### [Exercise aim]
An exact reproduction of the entries is needed. Keep all pictures out of it.

(Captioned web images)

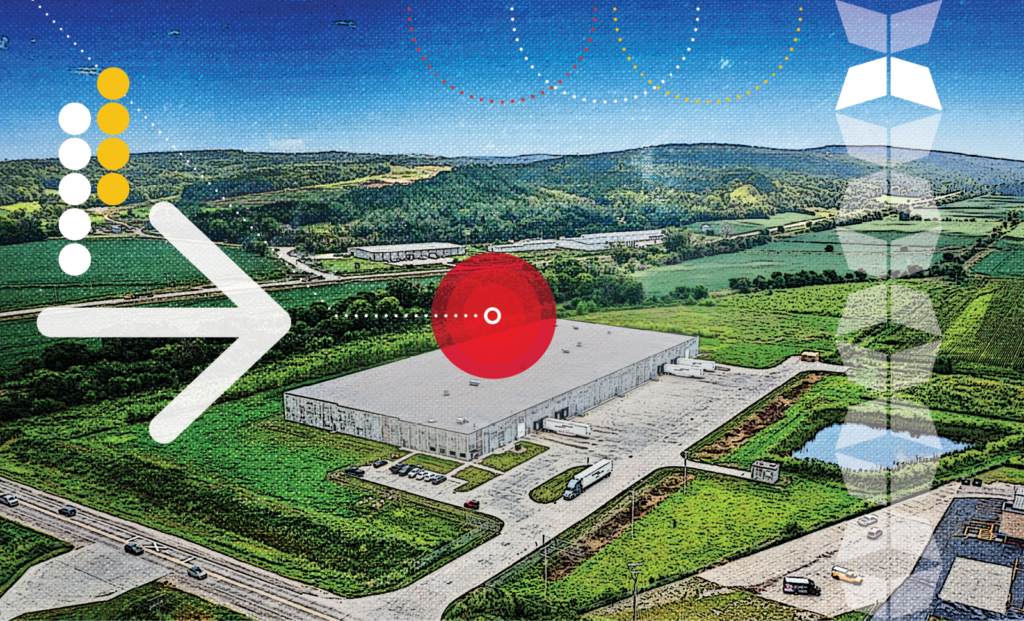 Aerial view of an industrial warehouse with a location marker, illustrating facility placement in distributed manufacturing warehousing.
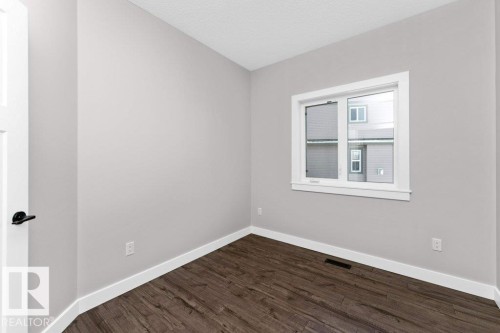 Empty room with dark wood-type flooring and a textured ceiling - 62 Ellice Bend, Fort Saskatchewan, AB - Indoor Photo Showing Other Room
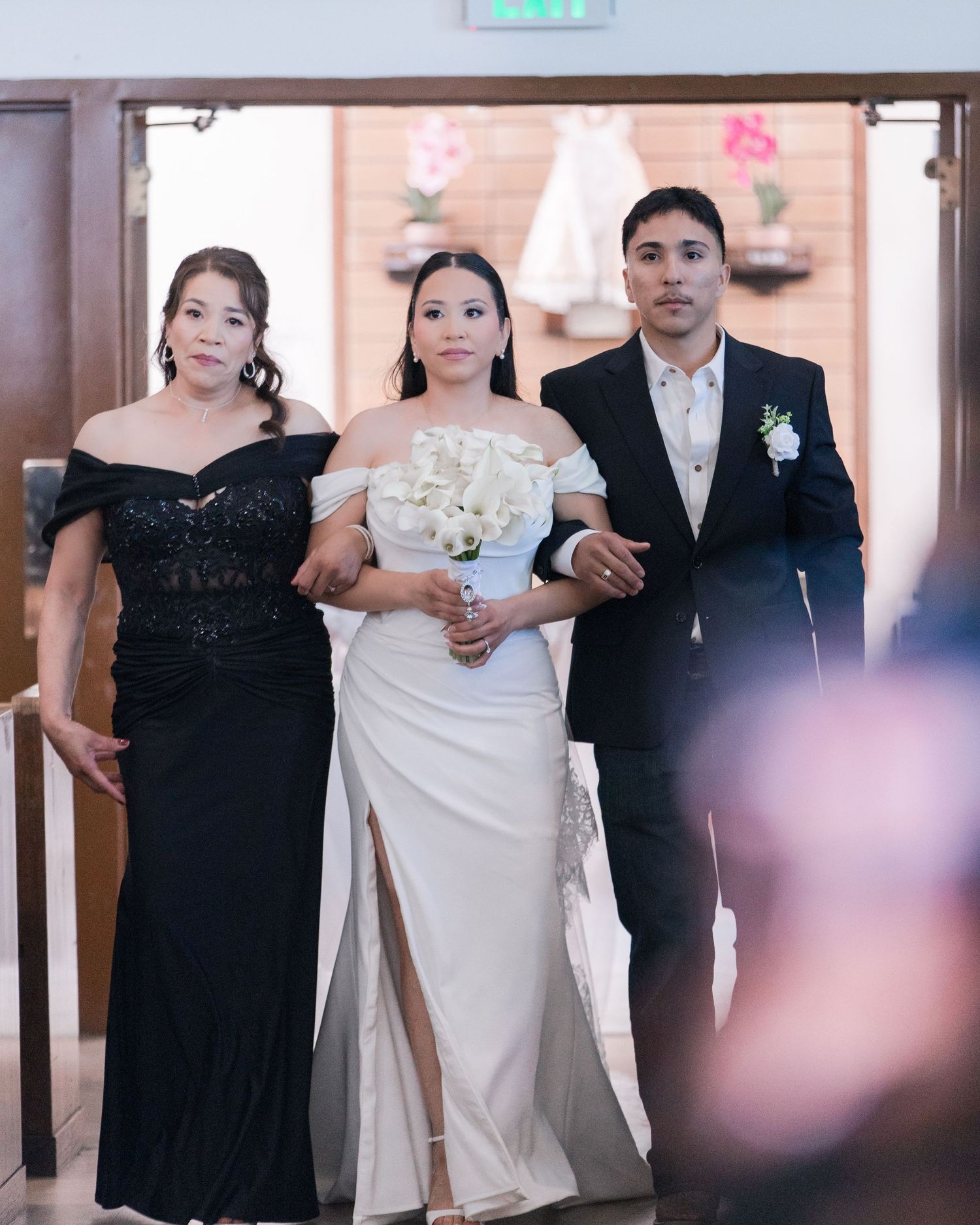 Bride in white off-shoulder gown walks down aisle escorted by parents at church wedding ceremony.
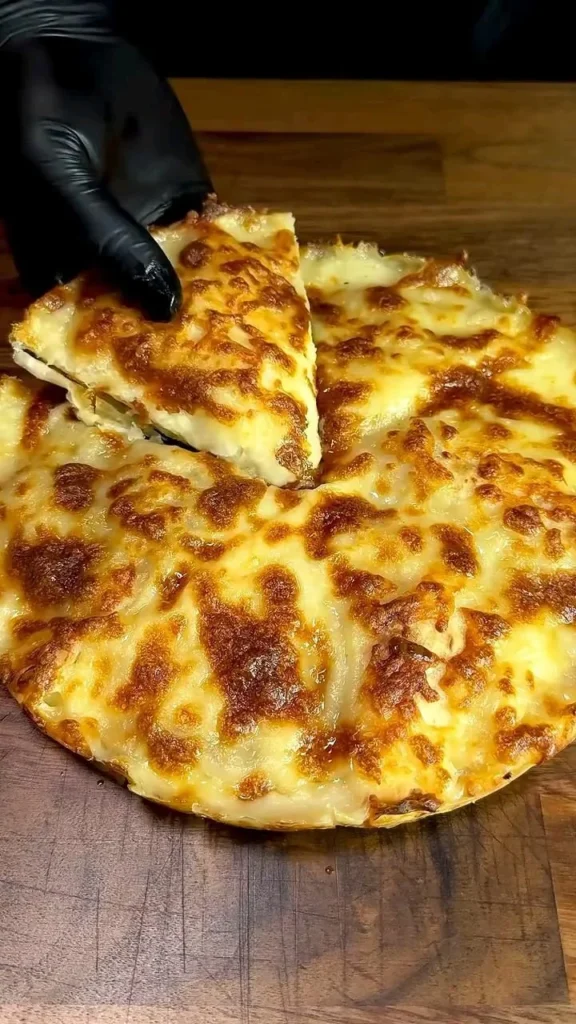 Golden brown cheese and spinach pie on a wooden board with one slice removed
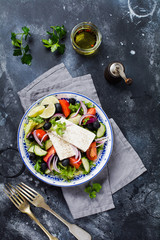 Traditional Greek Salad. Vegetarian dish with fresh lettuce, olives, peppers, cucumbers, onions and feta cheese. On dark rustic concrete background. Top view.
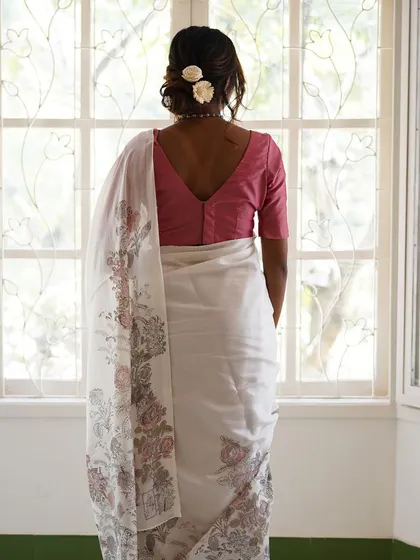 The Mallika saree is a breath of fresh air, crafted in custom linen with a woven border. Its design features a joyful bouquet of vintage jacaranda, rose, and petal block prints, accented with delicate hand-embroidered details for a light, breezy feel.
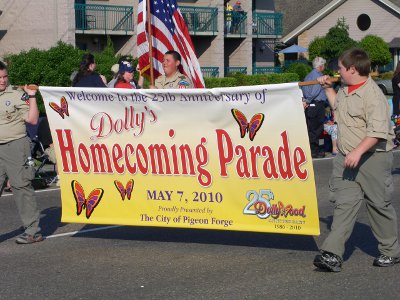 [Boy scouts carrying flying specifying parade name and date.]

### [Worked solution]
 Aerial view of an industrial warehouse with a location marker, illustrating facility placement in distributed manufacturing warehousing.
 Empty room with dark wood-type flooring and a textured ceiling - 62 Ellice Bend, Fort Saskatchewan, AB - Indoor Photo Showing Other Room
 Bride in white off-shoulder gown walks down aisle escorted by parents at church wedding ceremony.
 Golden brown cheese and spinach pie on a wooden board with one slice removed
 Traditional Greek Salad. Vegetarian dish with fresh lettuce, olives, peppers, cucumbers, onions and feta cheese. On dark rustic concrete background. Top view.
 The Mallika saree is a breath of fresh air, crafted in custom linen with a woven border. Its design features a joyful bouquet of vintage jacaranda, rose, and petal block prints, accented with delicate hand-embroidered details for a light, breezy feel.
 [Boy scouts carrying flying specifying parade name and date.]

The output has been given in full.